- [What you are asked to do] Go through the entries and transcribe each one exactly, dropping the pictures.

Records drawn from a dataset:
———

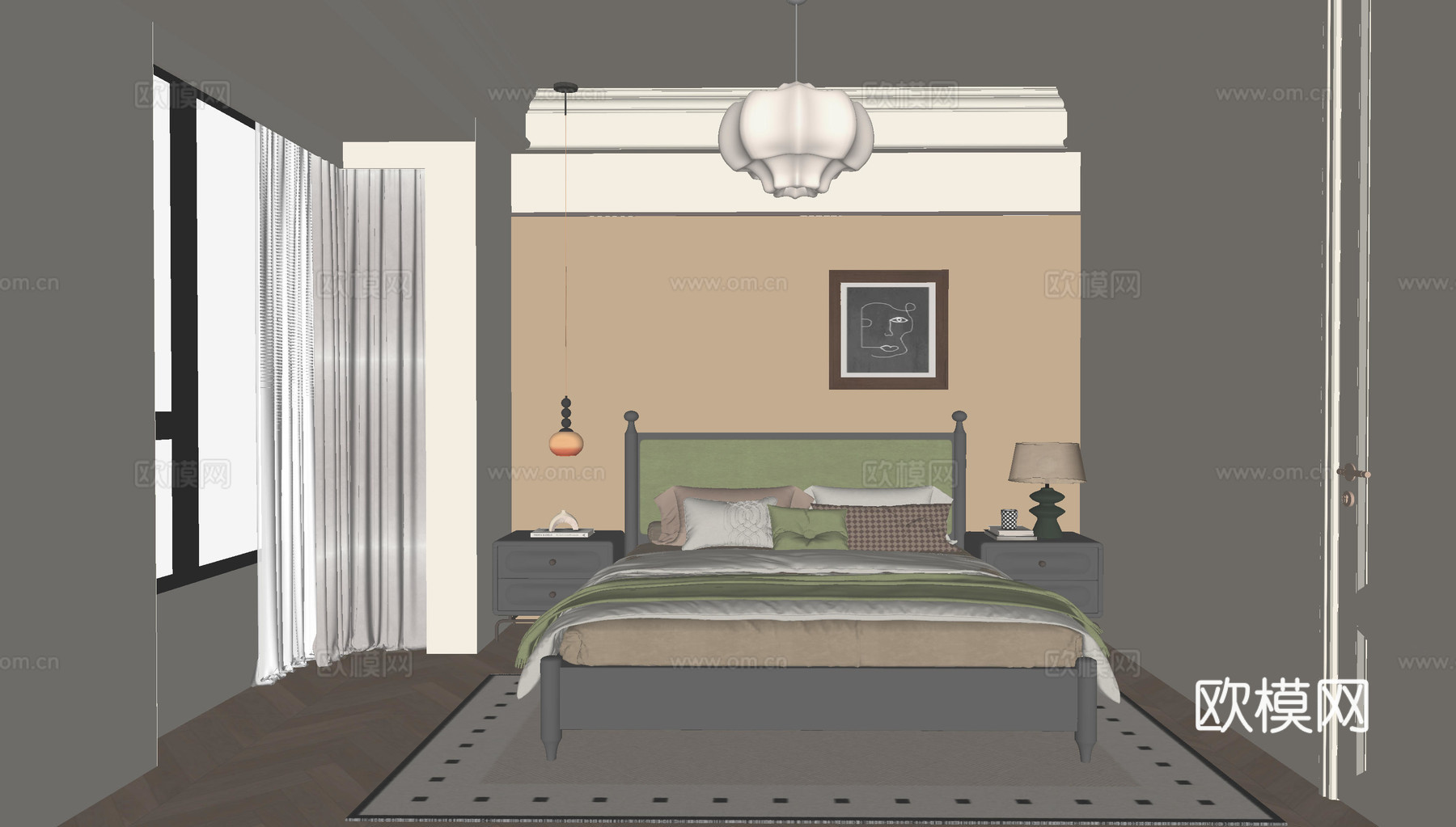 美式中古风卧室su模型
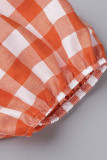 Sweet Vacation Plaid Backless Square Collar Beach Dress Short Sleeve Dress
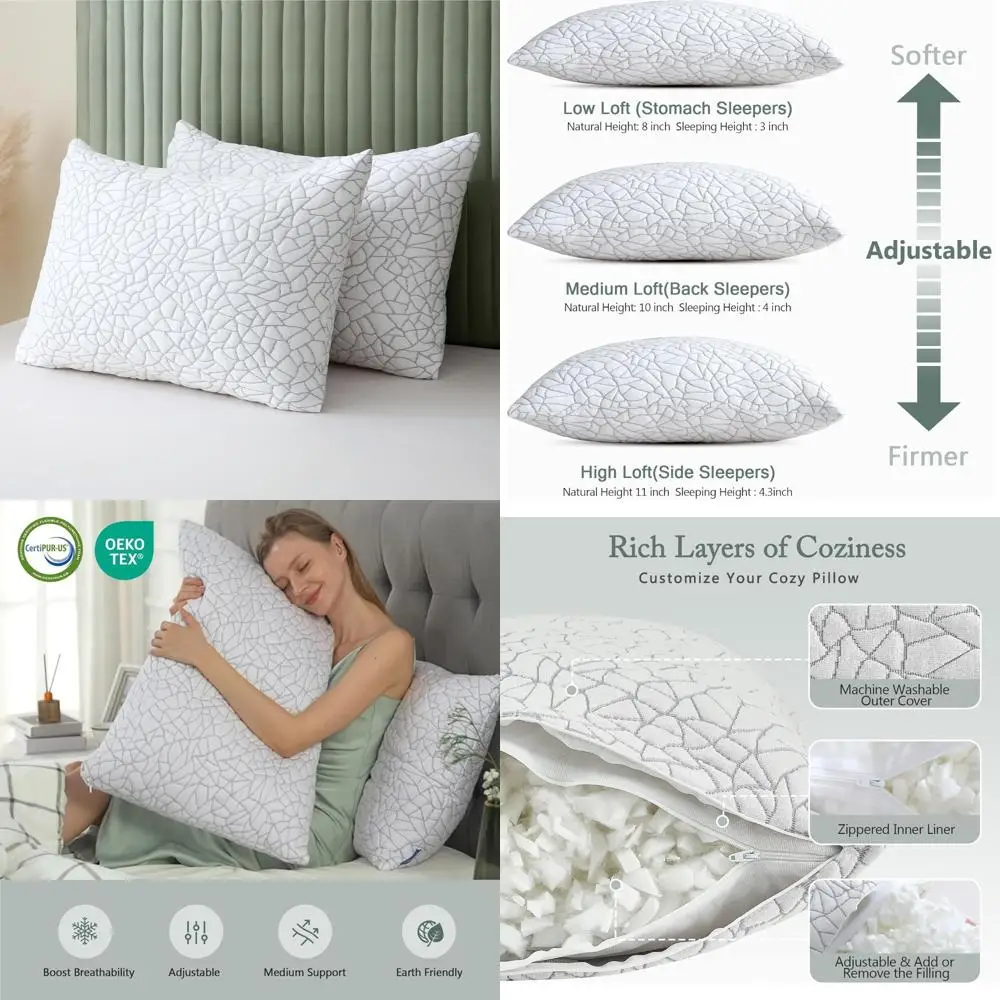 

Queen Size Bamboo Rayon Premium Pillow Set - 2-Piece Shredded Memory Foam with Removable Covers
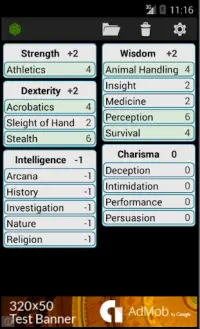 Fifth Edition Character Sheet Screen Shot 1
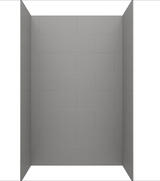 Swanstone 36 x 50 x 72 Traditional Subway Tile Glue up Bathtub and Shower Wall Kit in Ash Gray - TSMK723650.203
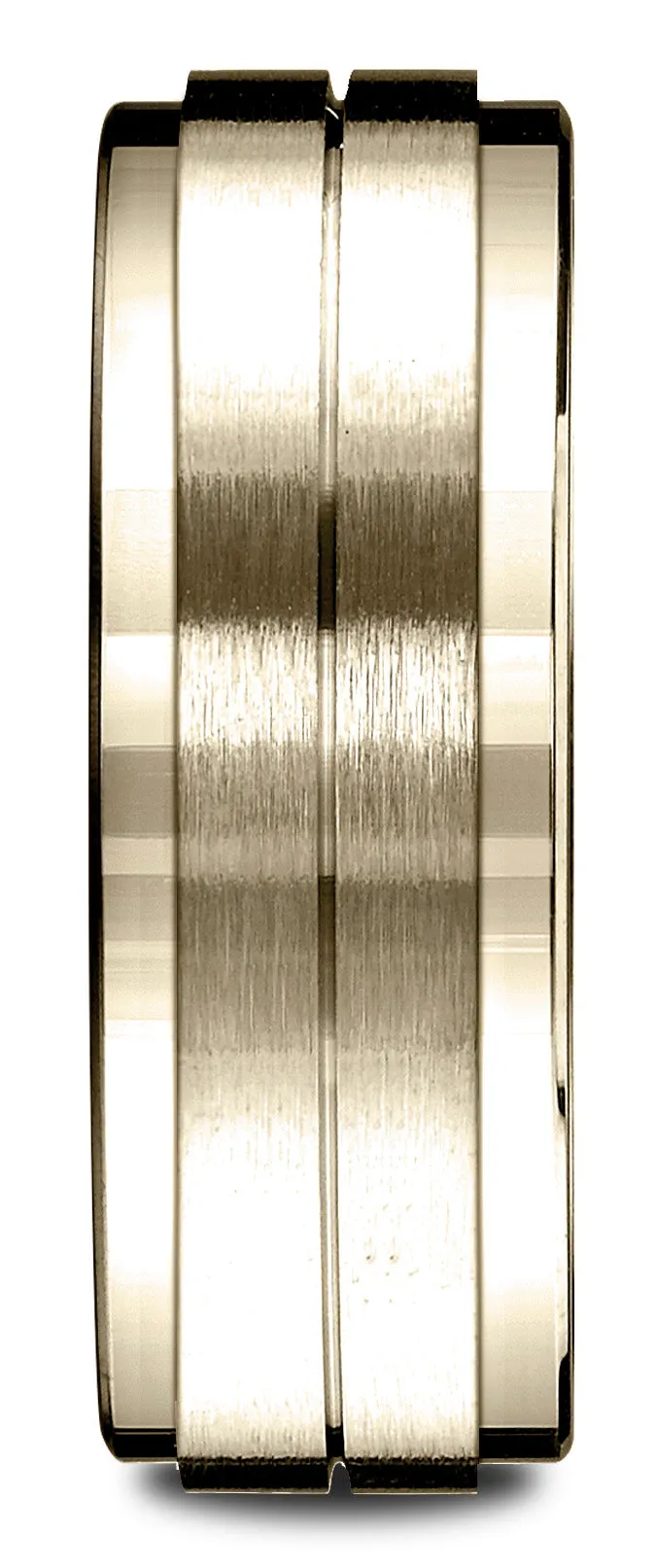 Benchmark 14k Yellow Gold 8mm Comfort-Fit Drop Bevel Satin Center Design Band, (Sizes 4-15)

———

- [Completed task]
 美式中古风卧室su模型
 Sweet Vacation Plaid Backless Square Collar Beach Dress Short Sleeve Dress

Queen Size Bamboo Rayon Premium Pillow Set - 2-Piece Shredded Memory Foam with Removable Covers
 Fifth Edition Character Sheet Screen Shot 1
 Swanstone 36 x 50 x 72 Traditional Subway Tile Glue up Bathtub and Shower Wall Kit in Ash Gray - TSMK723650.203
 Benchmark 14k Yellow Gold 8mm Comfort-Fit Drop Bevel Satin Center Design Band, (Sizes 4-15)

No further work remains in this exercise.